◆ **Required action**:
What you return must be the lines from the first one below through the one containing "Large master bedroom", exactly and with pictures excluded.

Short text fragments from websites

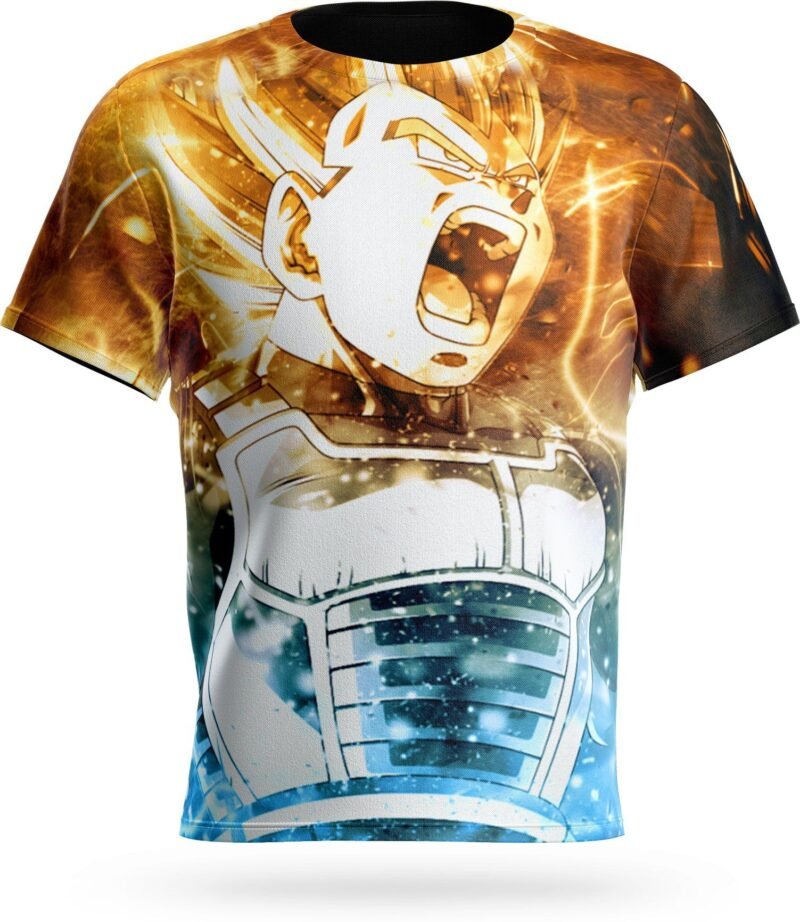 T-Shirt Dragon Ball Super Vegeta Rage Saiyan – Image 3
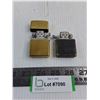 Image 1 : (2) Zippo Lighters - As is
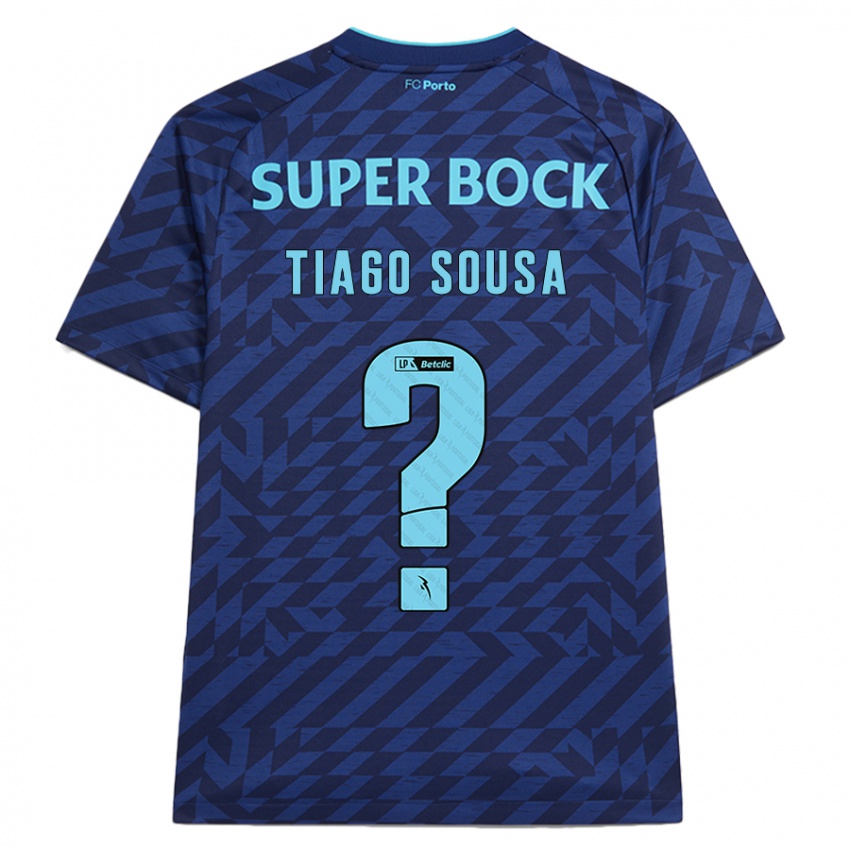 Niño Camiseta Tiago Sousa #0 Azul Marino Equipación Tercera 2024/25 La Camisa México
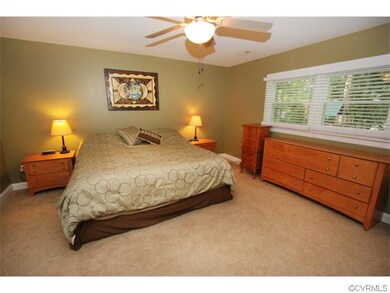 Large master bedroom with master bath.  Hardwood f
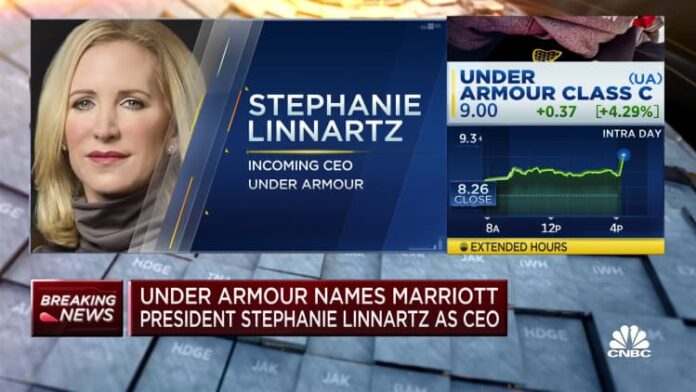 Marriott President Stephanie Linnartz named Under Armour CEO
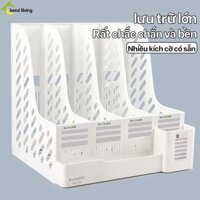 file nam 3 ngăn PIKUP đựng hồ sơ, giá nhựa xanh để bàn, gọn gàng tiện dụng, dễ dàng sắp xếp tài liệu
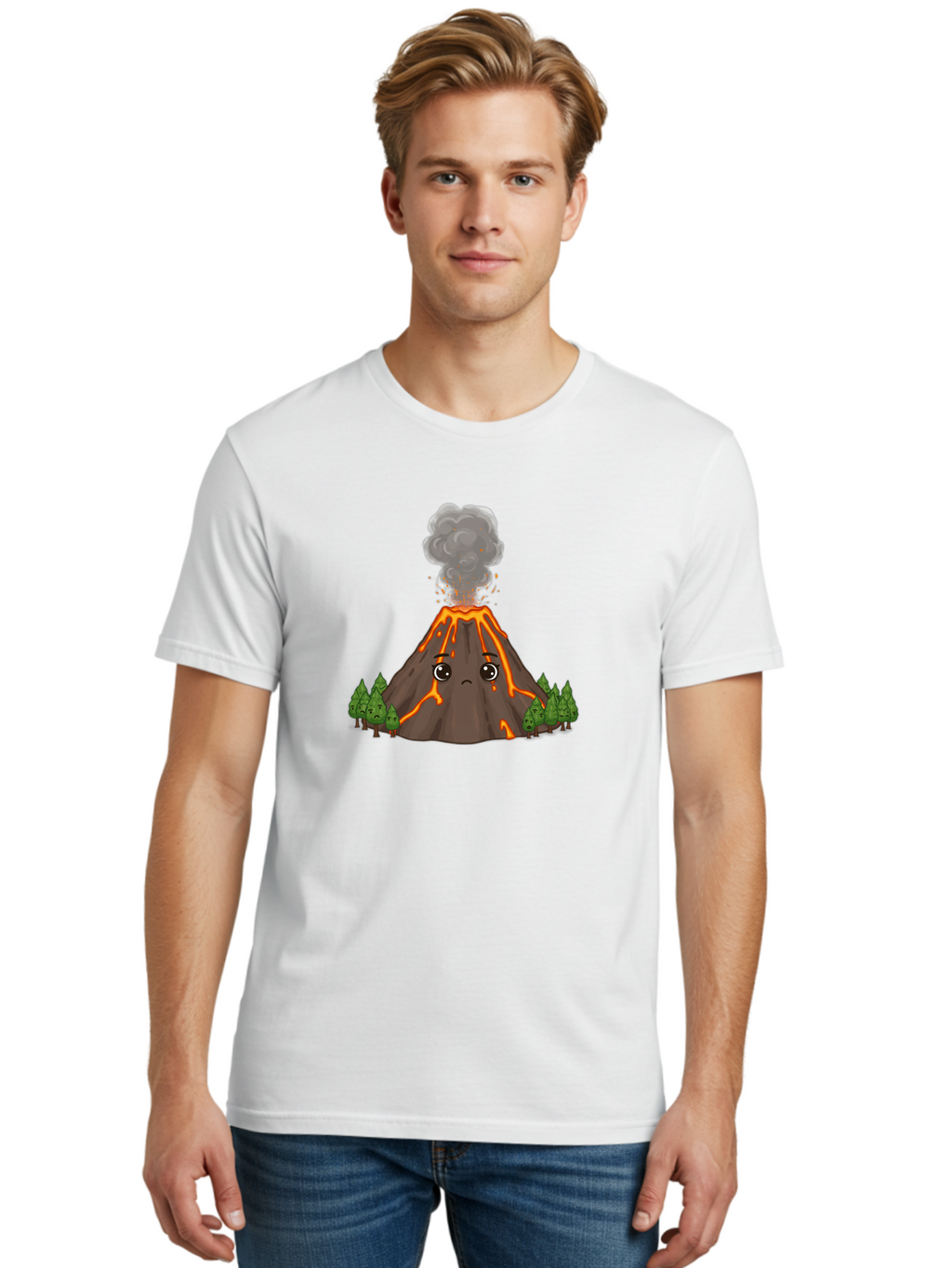 Volcano-10 Men'S Graphic Tee, 100% Cotton, Comfortable Casual Summer Wear, Machine Washable, Vintage Camera, Old Camera, Antique Camera, Black Camera, Classic Photography, Photography Equipment, Nostalgic Device, Film Camera, Camera Art Bai495
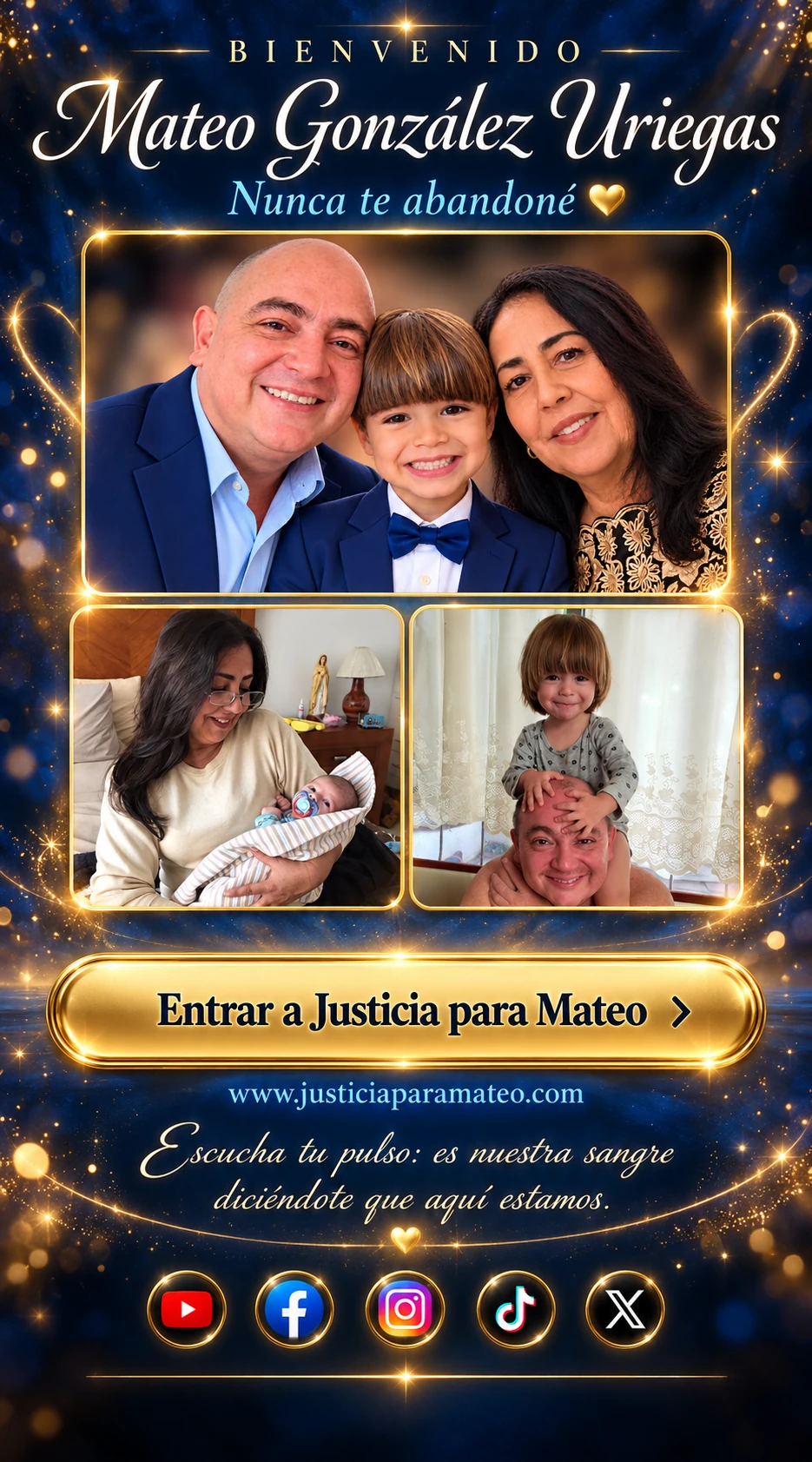 Mateo González Uriegas. Nunca te abandoné.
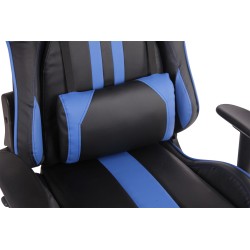 Silla de oficina Limit XM en piel sintética negra/azul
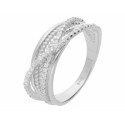 Anillo plata y circonitas - LAD3148AN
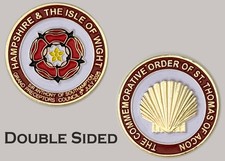 Hampshire Isle Of Wight Order Of St Thomas Acon Challenge Coin  J#8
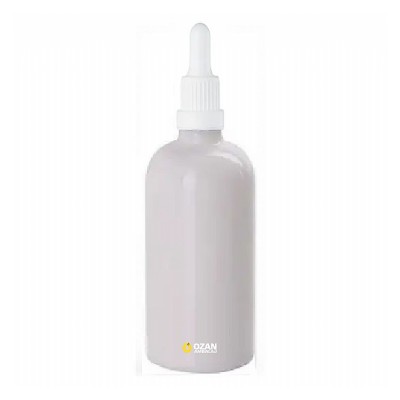 100 ml Beyaz Cam �i�e Beyaz Kilitli Damlal�k Toptan �thal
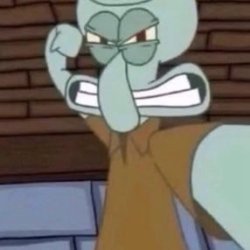 Squidward throwing a punch Meme Template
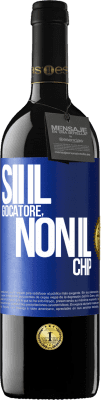39,95 € Spedizione Gratuita | Vino rosso Edizione RED MBE Riserva Sii il giocatore, non il chip Etichetta Blu. Etichetta personalizzabile Riserva 12 Mesi Raccogliere 2016 Tempranillo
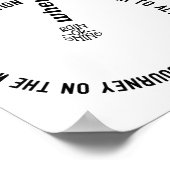 Poster Vélo Adventure Words (Coin)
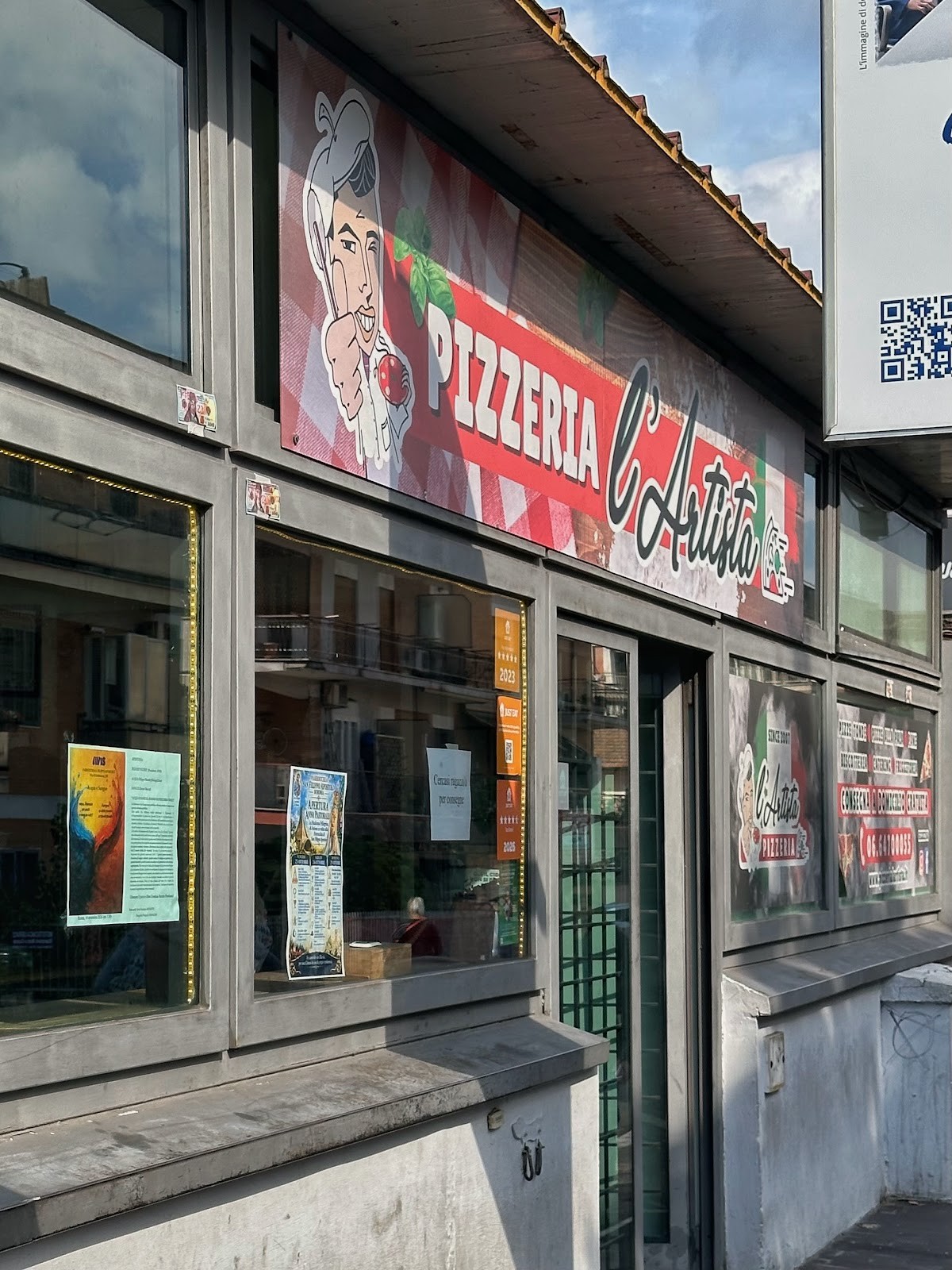 Pizzeria L'Artista: the place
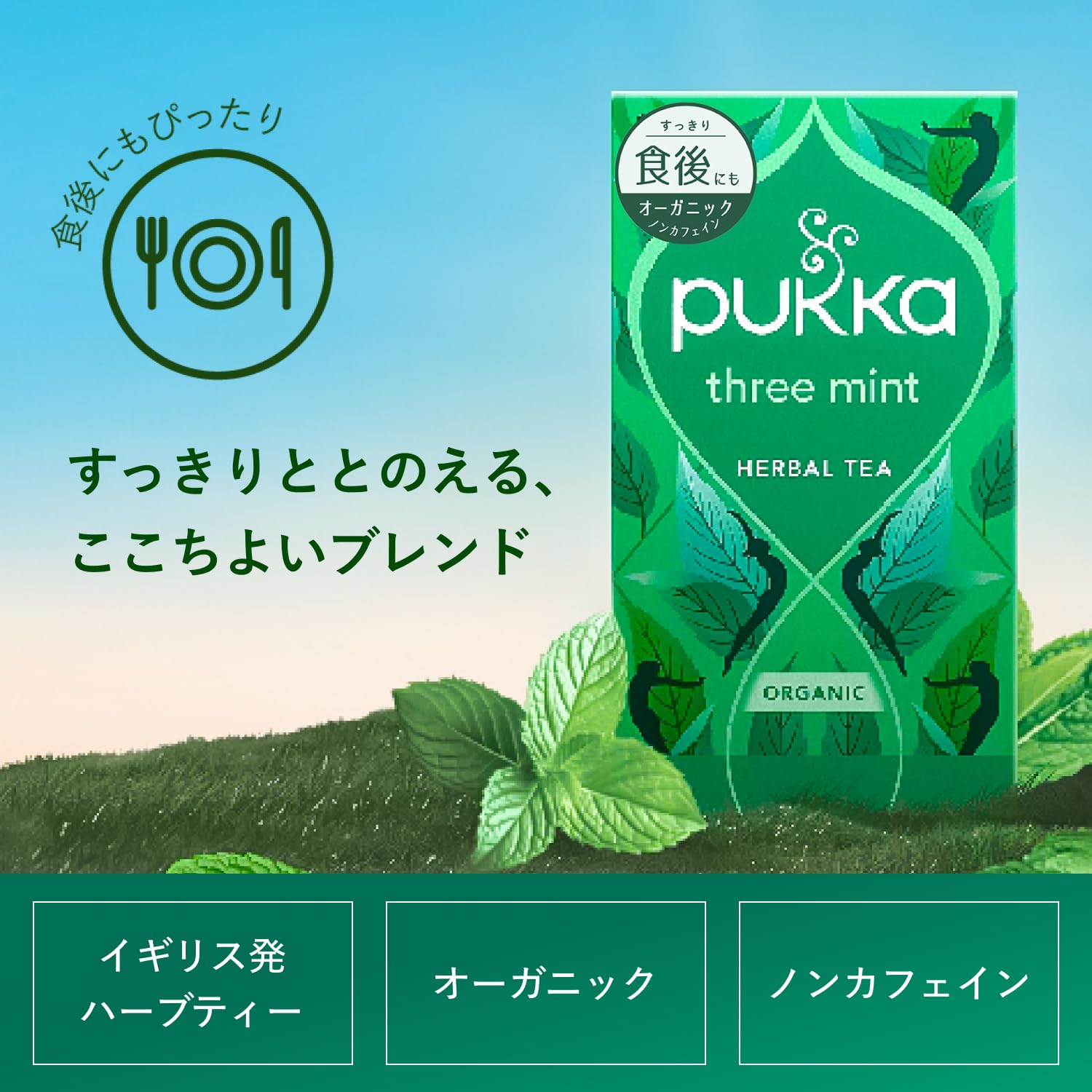 Amazon.co.jp: pukka (パッカ) オーガニックハーブティー スリーミント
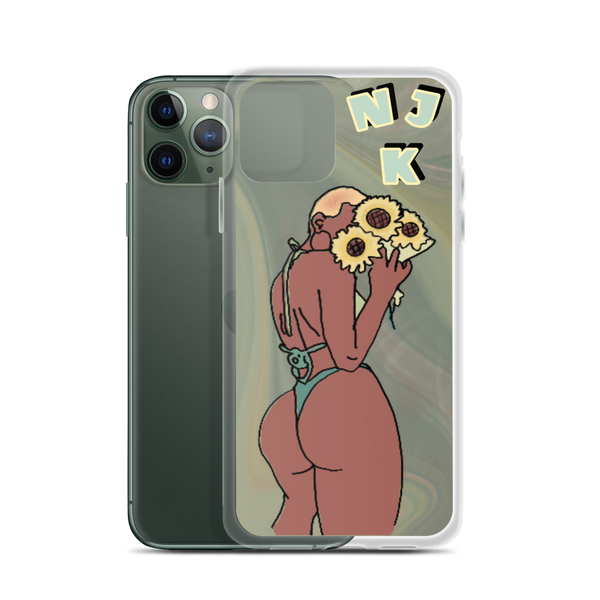 Big Booty Bald Belle iPhone Case
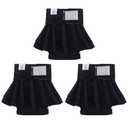 CuteBone Female Dog Diapers with Skirts 3 Pack Reusable Puppy Dresses Pants for Heat Cycle Period (Black,Small)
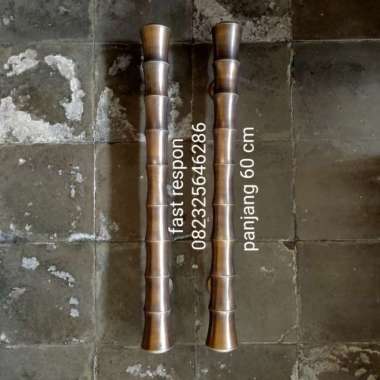 Handle Pintu Murah / Handle Pintu Kuningan Motif Pring Kuning 60 cm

◆ **Solution for this problem**:
 T-Shirt Dragon Ball Super Vegeta Rage Saiyan – Image 3
 Image 1 : (2) Zippo Lighters - As is
 Niño Camiseta Tiago Sousa #0 Azul Marino Equipación Tercera 2024/25 La Camisa México
 Large master bedroom with master bath.  Hardwood f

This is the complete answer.